*** The data ***

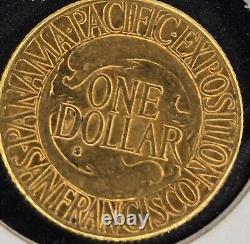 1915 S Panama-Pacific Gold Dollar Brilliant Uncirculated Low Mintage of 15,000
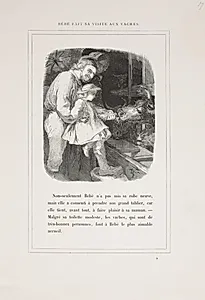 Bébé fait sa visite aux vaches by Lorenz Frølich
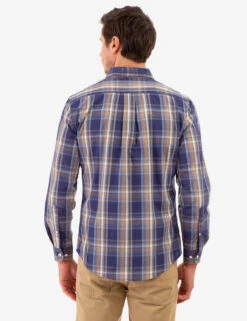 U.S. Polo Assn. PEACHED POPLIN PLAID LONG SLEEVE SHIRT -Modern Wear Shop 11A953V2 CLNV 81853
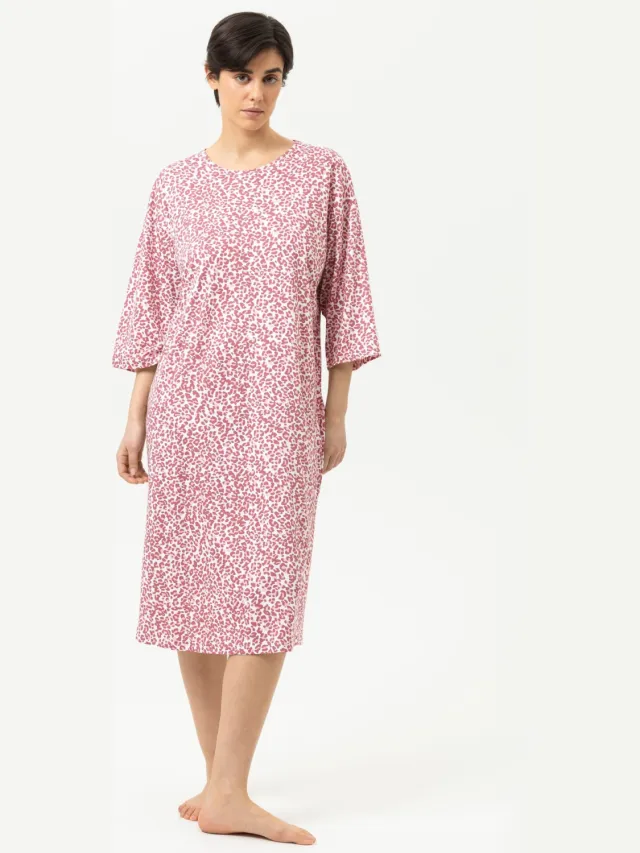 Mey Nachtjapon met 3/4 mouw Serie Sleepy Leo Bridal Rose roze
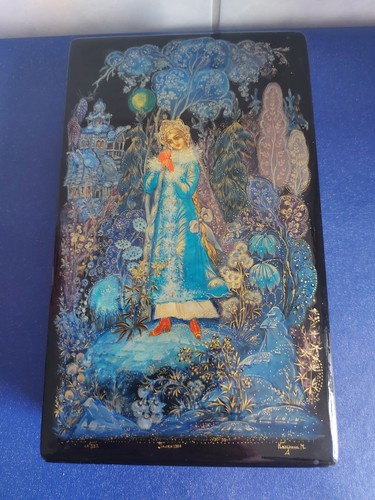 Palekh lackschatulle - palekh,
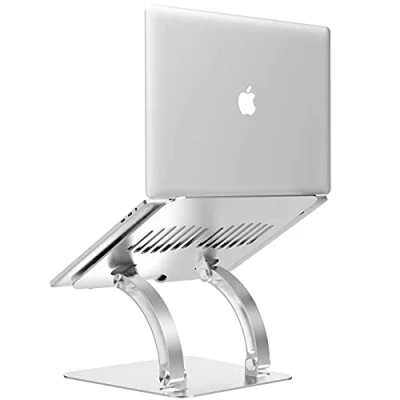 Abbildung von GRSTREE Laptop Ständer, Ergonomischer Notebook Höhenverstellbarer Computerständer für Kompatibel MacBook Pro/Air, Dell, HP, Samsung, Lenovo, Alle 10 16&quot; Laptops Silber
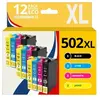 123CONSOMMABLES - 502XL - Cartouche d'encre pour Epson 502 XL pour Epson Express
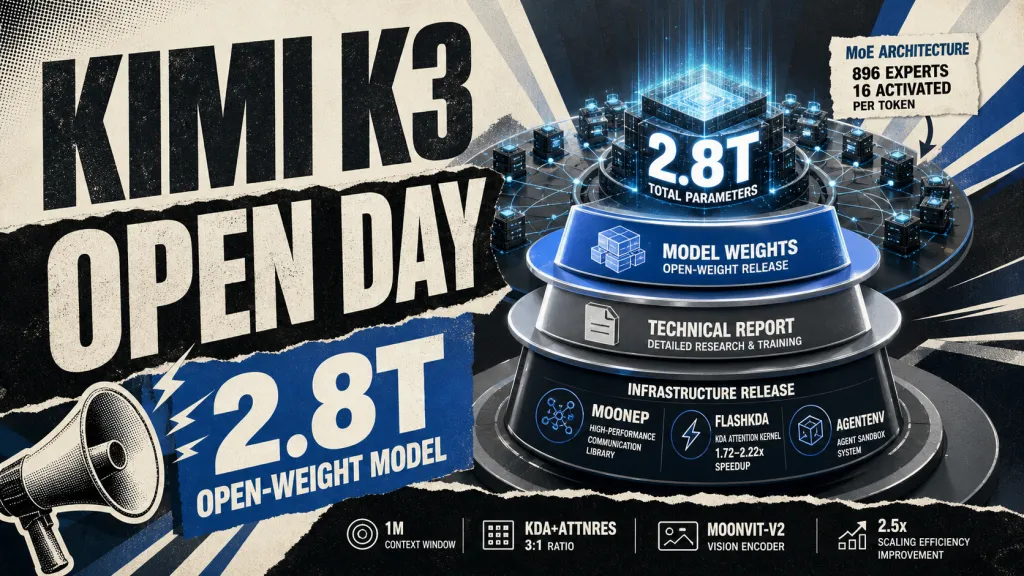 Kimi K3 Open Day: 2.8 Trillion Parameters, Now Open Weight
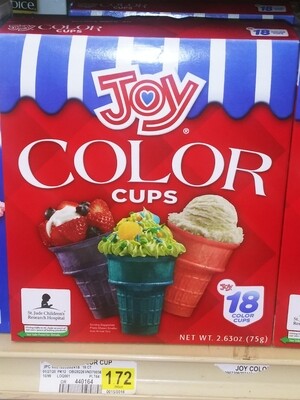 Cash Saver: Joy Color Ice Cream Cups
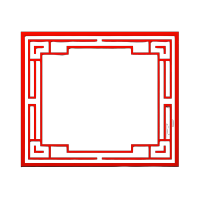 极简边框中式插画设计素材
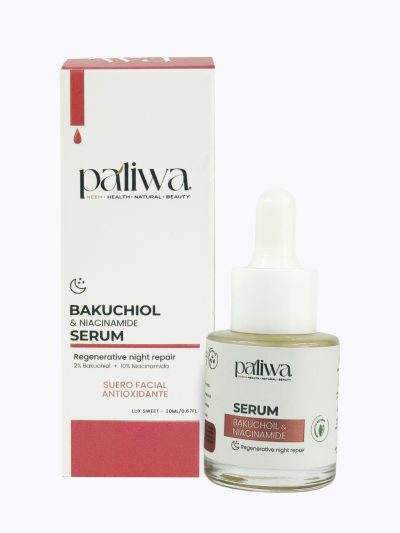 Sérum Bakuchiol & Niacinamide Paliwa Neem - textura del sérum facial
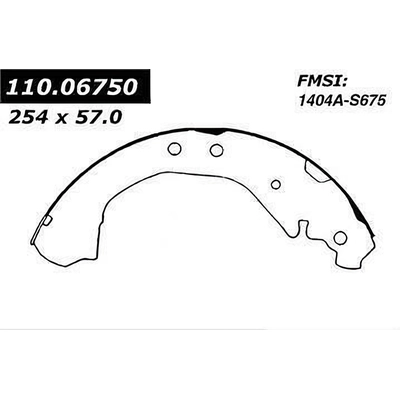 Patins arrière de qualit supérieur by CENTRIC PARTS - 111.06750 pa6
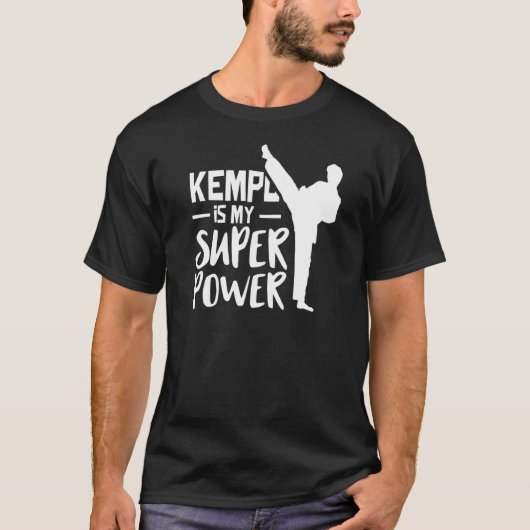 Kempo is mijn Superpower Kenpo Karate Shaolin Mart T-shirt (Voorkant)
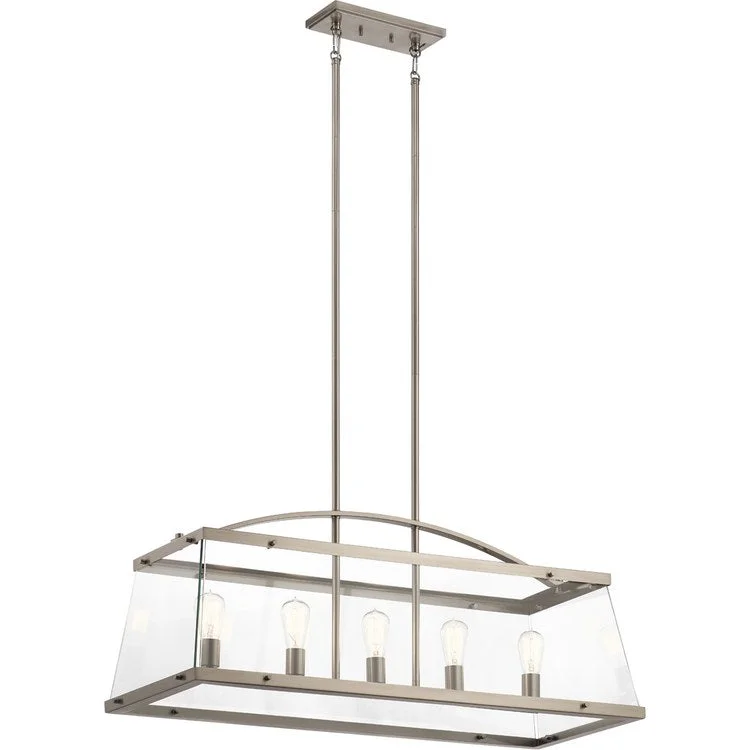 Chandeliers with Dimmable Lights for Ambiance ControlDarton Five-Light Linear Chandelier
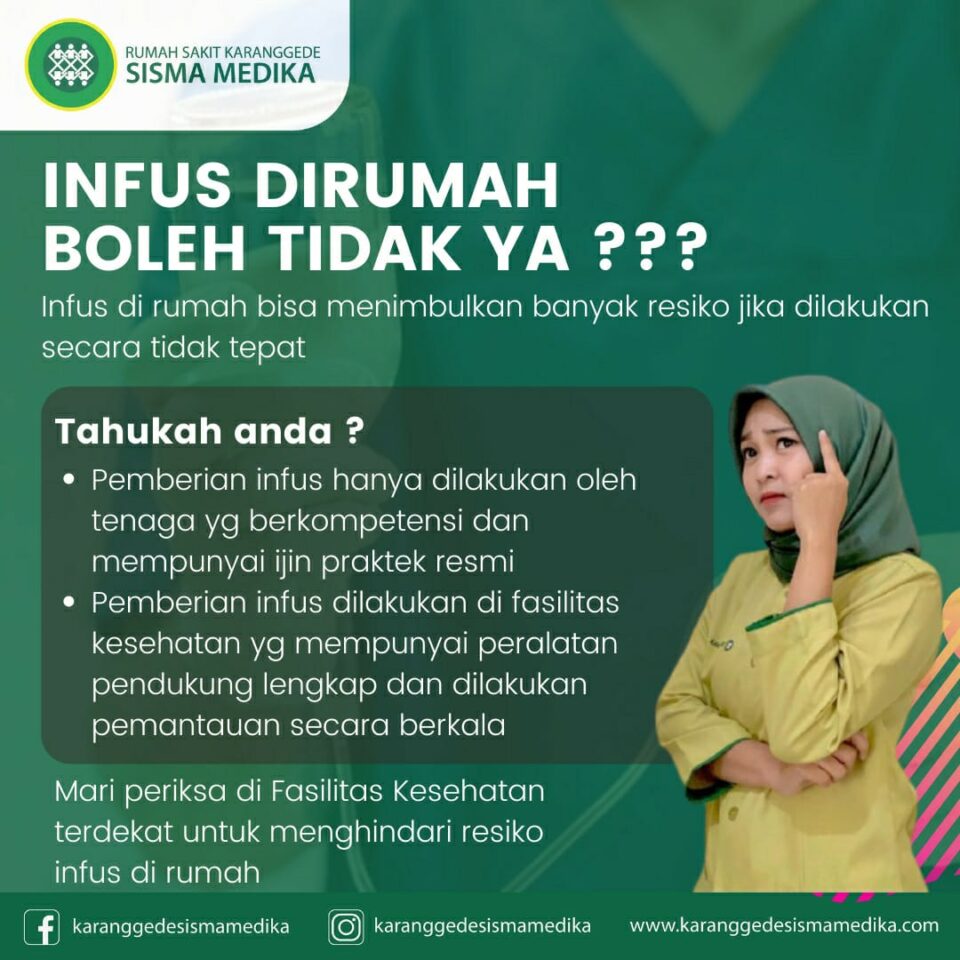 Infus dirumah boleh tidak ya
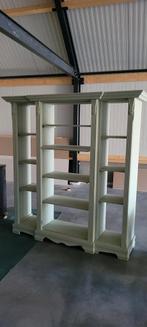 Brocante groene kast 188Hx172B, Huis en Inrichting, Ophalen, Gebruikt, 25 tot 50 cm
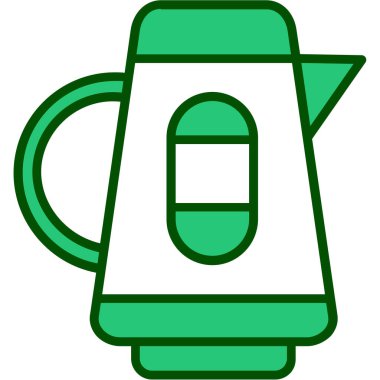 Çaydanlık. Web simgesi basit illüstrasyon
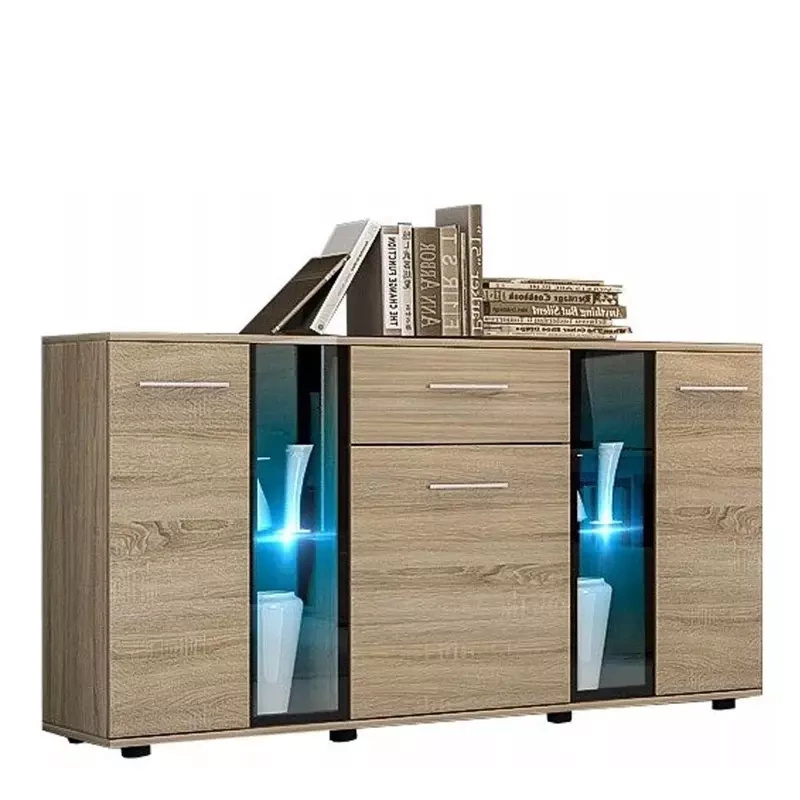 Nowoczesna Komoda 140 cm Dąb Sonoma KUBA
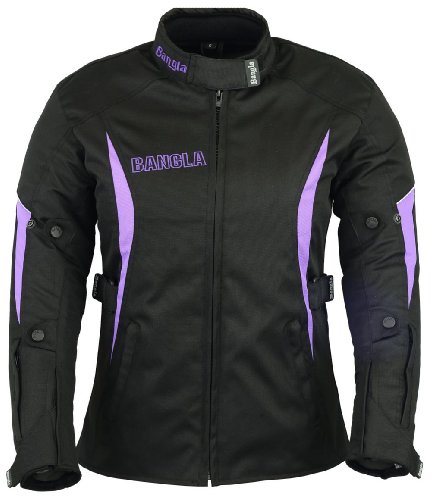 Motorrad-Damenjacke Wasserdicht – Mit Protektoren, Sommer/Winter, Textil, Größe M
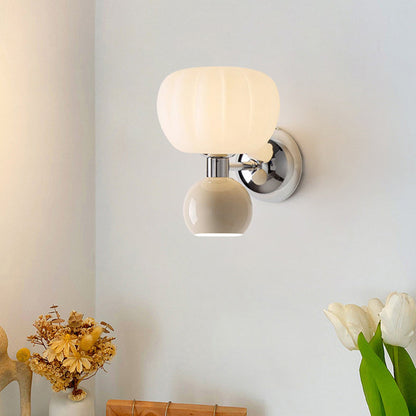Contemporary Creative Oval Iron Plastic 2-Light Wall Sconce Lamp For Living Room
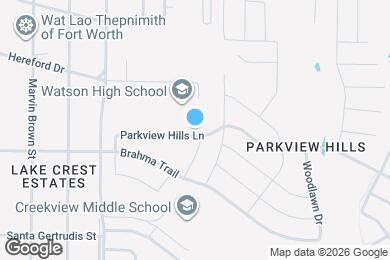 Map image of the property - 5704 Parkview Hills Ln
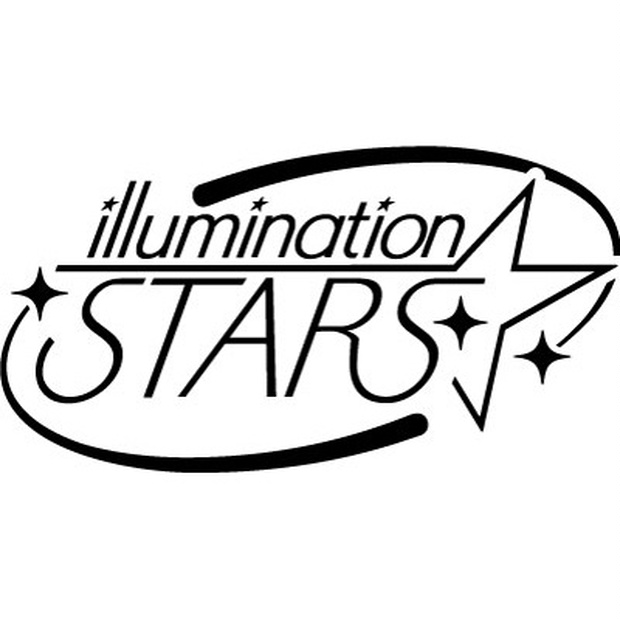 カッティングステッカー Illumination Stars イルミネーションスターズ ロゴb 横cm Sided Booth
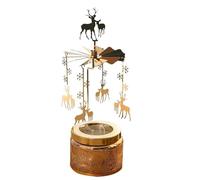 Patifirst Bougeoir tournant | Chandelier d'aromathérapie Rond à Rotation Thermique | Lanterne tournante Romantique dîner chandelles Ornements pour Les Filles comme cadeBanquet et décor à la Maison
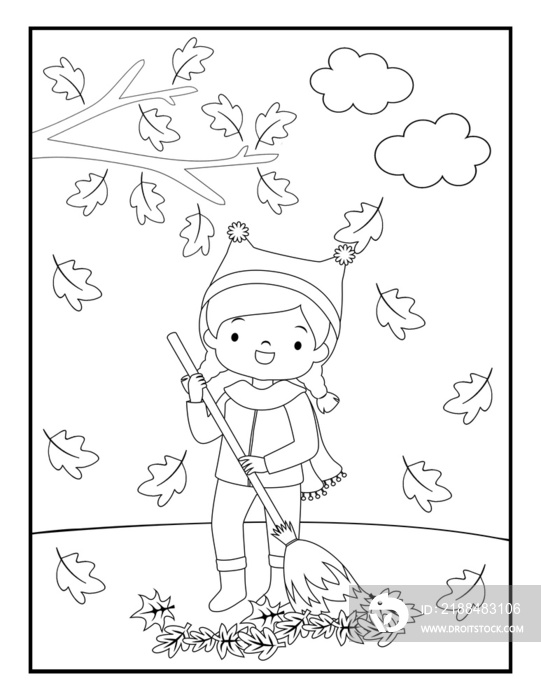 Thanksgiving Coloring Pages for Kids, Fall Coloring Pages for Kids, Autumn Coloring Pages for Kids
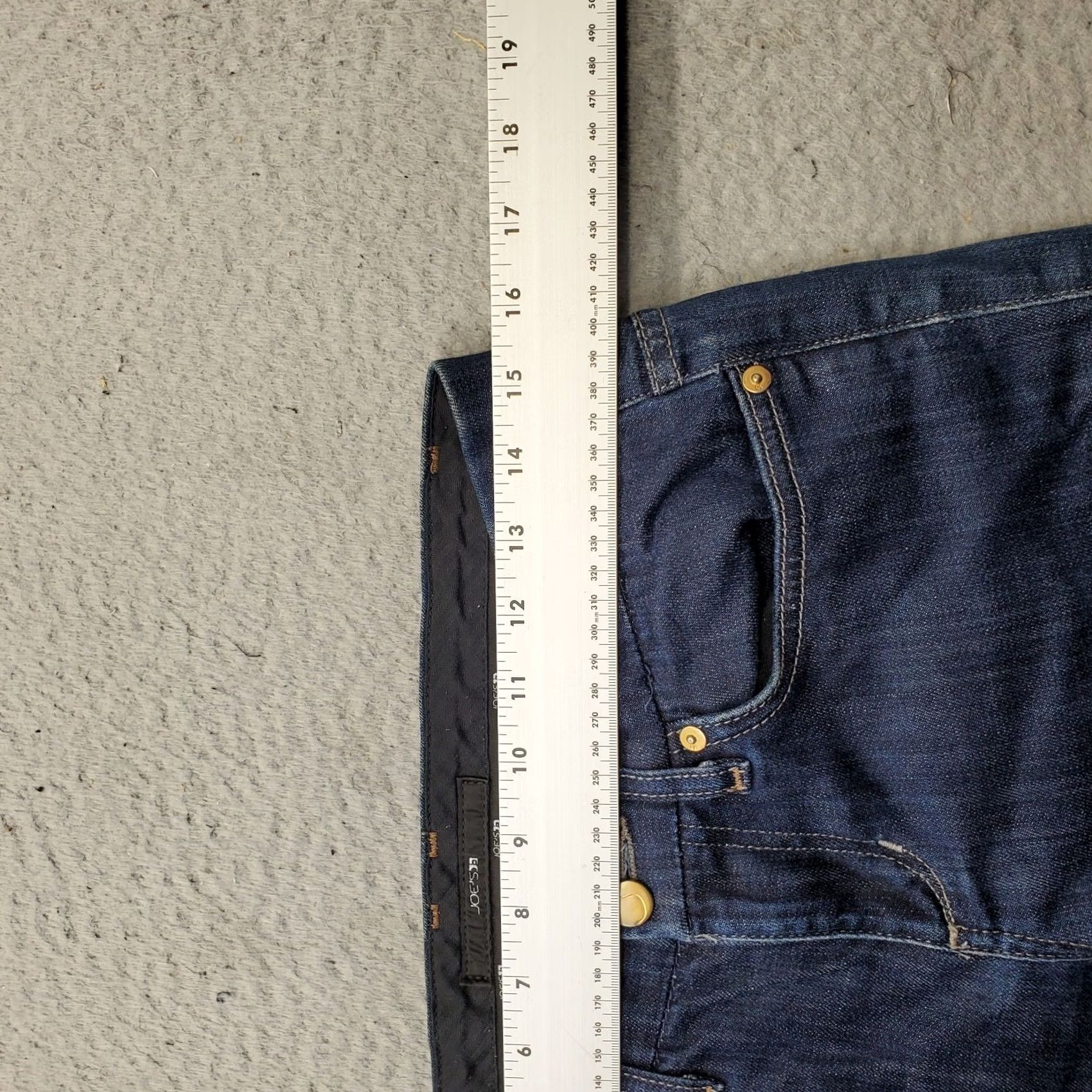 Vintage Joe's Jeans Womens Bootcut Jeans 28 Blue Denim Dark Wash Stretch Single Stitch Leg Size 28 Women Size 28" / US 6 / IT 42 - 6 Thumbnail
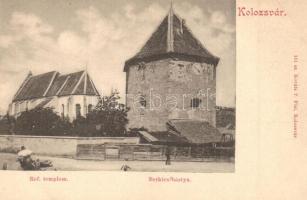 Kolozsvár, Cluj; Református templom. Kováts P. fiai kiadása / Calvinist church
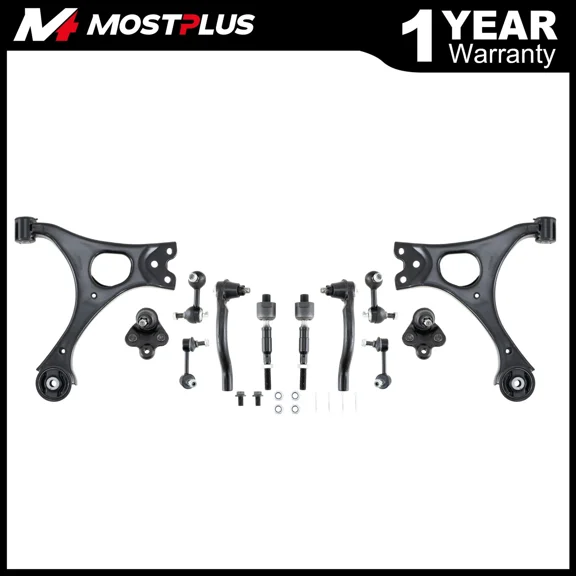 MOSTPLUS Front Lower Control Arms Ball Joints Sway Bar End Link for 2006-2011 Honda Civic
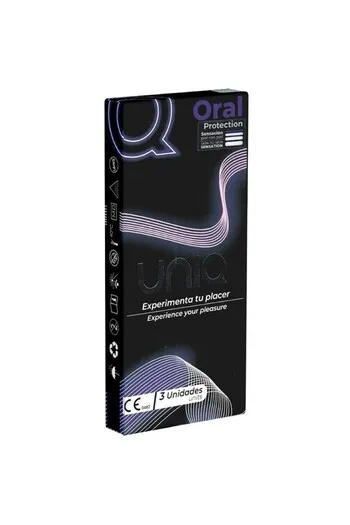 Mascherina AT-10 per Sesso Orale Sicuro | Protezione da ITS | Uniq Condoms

***

- [Work item]
Only the lines from the one with "极简边框中式插画设计素材" through the end of the listing should be transcribed, exactly and without pictures.

- [Response below]
 极简边框中式插画设计素材
 Sérum Bakuchiol & Niacinamide Paliwa Neem - textura del sérum facial
 Patins arrière de qualit supérieur by CENTRIC PARTS - 111.06750 pa6
 Kempo is mijn Superpower Kenpo Karate Shaolin Mart T-shirt (Voorkant)
 Chandeliers with Dimmable Lights for Ambiance ControlDarton Five-Light Linear Chandelier
 Infus dirumah boleh tidak ya
 Brocante groene kast 188Hx172B, Huis en Inrichting, Ophalen, Gebruikt, 25 tot 50 cm
 Çaydanlık. Web simgesi basit illüstrasyon
 Nowoczesna Komoda 140 cm Dąb Sonoma KUBA
 Motorrad-Damenjacke Wasserdicht – Mit Protektoren, Sommer/Winter, Textil, Größe M
Contemporary Creative Oval Iron Plastic 2-Light Wall Sconce Lamp For Living Room
 Map image of the property - 5704 Parkview Hills Ln
 カッティングステッカー Illumination Stars イルミネーションスターズ ロゴb 横cm Sided Booth
 Patifirst Bougeoir tournant | Chandelier d'aromathérapie Rond à Rotation Thermique | Lanterne tournante Romantique dîner chandelles Ornements pour Les Filles comme cadeBanquet et décor à la Maison
 Thanksgiving Coloring Pages for Kids, Fall Coloring Pages for Kids, Autumn Coloring Pages for Kids
 Vintage Joe's Jeans Womens Bootcut Jeans 28 Blue Denim Dark Wash Stretch Single Stitch Leg Size 28 Women Size 28" / US 6 / IT 42 - 6 Thumbnail
 Kolozsvár, Cluj; Református templom. Kováts P. fiai kiadása / Calvinist church
 MOSTPLUS Front Lower Control Arms Ball Joints Sway Bar End Link for 2006-2011 Honda Civic
 Mascherina AT-10 per Sesso Orale Sicuro | Protezione da ITS | Uniq Condoms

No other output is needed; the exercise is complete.